━━━ Input material
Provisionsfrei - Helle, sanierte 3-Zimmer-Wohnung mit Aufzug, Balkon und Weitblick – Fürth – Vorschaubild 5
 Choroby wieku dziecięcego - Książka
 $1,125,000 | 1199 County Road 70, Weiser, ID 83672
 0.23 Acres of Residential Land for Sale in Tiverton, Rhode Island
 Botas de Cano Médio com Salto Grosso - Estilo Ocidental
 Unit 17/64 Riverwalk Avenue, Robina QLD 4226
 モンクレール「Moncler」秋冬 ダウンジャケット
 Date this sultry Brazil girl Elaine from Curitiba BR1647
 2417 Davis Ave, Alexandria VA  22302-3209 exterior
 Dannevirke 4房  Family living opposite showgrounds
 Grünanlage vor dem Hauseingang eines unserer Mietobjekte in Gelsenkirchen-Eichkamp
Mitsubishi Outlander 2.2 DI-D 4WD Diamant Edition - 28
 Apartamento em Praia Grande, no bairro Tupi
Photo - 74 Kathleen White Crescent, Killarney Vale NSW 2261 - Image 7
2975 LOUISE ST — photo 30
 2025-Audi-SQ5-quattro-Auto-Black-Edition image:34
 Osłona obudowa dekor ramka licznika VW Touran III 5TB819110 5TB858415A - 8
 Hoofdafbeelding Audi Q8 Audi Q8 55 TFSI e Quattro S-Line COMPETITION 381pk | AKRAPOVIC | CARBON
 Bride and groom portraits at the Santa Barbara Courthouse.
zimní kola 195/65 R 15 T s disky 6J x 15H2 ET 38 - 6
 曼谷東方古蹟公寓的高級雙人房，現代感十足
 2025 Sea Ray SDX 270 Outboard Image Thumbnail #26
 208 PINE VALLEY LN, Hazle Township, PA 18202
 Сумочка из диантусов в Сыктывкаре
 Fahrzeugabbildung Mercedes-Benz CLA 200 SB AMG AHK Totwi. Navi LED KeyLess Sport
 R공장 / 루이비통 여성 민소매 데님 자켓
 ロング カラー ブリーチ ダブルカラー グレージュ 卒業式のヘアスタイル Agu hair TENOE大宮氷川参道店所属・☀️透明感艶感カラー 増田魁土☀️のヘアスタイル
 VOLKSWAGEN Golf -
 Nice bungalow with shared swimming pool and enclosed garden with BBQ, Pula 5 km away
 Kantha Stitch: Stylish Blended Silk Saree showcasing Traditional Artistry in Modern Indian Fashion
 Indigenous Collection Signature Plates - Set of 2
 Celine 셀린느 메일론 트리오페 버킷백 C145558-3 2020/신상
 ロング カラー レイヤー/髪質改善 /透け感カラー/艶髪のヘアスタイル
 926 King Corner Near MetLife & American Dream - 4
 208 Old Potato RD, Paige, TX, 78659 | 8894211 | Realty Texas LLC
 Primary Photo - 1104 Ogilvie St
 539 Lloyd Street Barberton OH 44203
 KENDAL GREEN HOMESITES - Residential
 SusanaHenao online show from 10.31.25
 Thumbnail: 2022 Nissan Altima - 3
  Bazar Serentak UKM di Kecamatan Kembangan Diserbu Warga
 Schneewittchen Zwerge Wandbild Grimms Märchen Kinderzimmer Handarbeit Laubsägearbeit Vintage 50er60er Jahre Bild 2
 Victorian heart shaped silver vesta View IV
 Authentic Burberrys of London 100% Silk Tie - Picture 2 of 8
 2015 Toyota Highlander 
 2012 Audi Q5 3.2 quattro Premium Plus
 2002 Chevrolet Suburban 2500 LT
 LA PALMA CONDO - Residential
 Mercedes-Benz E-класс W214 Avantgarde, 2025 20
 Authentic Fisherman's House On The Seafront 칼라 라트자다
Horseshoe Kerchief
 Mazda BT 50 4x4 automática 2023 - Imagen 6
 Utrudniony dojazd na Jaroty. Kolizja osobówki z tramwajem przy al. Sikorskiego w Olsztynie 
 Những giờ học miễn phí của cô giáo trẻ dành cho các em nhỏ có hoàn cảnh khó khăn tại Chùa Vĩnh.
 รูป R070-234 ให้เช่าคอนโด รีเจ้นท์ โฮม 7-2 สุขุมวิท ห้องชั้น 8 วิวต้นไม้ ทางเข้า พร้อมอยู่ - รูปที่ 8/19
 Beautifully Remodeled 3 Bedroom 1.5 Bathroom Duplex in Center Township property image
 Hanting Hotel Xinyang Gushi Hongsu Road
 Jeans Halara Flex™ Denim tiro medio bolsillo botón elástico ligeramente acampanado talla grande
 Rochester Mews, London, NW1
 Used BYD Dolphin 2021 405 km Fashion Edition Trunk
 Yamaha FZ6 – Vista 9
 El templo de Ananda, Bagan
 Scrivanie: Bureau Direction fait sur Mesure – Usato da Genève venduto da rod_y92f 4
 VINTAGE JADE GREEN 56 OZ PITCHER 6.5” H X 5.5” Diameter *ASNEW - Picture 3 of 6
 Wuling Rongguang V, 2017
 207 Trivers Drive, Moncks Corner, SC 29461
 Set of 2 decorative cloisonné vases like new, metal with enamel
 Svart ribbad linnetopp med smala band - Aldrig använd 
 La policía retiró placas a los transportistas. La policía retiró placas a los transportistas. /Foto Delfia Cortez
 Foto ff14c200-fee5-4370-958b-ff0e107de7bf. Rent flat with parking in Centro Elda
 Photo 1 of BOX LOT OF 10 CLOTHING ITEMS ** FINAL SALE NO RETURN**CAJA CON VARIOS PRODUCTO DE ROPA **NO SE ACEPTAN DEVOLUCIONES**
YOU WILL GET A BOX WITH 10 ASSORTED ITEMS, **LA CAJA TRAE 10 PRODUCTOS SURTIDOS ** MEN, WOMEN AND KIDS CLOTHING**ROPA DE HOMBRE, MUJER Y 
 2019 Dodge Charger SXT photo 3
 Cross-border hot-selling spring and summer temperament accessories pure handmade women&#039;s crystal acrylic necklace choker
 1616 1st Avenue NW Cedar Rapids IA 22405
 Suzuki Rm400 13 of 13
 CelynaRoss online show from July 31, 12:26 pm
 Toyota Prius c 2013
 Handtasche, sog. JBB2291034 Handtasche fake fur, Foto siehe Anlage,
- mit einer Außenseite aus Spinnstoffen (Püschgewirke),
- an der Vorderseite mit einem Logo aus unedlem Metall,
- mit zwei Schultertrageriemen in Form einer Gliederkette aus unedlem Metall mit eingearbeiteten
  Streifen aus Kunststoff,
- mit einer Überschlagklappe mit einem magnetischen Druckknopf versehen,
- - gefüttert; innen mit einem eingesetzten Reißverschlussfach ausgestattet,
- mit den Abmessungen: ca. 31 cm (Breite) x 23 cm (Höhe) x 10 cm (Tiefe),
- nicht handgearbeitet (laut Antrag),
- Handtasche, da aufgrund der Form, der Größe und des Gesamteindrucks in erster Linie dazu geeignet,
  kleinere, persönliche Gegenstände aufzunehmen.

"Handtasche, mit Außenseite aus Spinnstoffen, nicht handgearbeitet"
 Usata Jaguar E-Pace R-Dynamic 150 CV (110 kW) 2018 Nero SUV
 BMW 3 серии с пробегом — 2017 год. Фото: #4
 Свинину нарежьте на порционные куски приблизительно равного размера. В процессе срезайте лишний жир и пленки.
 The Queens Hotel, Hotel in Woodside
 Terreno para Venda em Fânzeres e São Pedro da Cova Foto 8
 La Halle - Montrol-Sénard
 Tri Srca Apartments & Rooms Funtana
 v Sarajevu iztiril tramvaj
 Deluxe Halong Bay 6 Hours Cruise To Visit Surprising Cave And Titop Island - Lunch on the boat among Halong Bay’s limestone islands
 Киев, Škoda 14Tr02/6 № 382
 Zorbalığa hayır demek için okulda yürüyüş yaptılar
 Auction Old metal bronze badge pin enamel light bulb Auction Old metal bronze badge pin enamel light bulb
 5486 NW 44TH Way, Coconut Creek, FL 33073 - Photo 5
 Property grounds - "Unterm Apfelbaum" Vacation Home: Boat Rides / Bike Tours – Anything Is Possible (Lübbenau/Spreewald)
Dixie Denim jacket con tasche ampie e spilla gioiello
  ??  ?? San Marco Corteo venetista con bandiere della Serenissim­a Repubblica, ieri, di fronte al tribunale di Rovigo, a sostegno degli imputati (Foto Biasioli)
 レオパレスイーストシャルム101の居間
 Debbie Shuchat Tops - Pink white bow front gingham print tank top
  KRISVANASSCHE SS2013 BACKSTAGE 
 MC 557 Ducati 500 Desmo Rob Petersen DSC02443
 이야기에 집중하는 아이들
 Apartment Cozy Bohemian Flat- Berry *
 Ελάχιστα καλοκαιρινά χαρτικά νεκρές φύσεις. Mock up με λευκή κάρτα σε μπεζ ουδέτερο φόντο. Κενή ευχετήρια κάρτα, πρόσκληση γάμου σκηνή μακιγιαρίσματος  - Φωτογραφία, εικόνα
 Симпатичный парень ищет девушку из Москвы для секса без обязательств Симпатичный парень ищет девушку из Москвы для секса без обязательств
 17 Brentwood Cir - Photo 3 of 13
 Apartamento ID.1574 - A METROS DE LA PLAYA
━━━━━━
Only a number is expected here: how many lines of the records above contain "Corner".

Reply =
2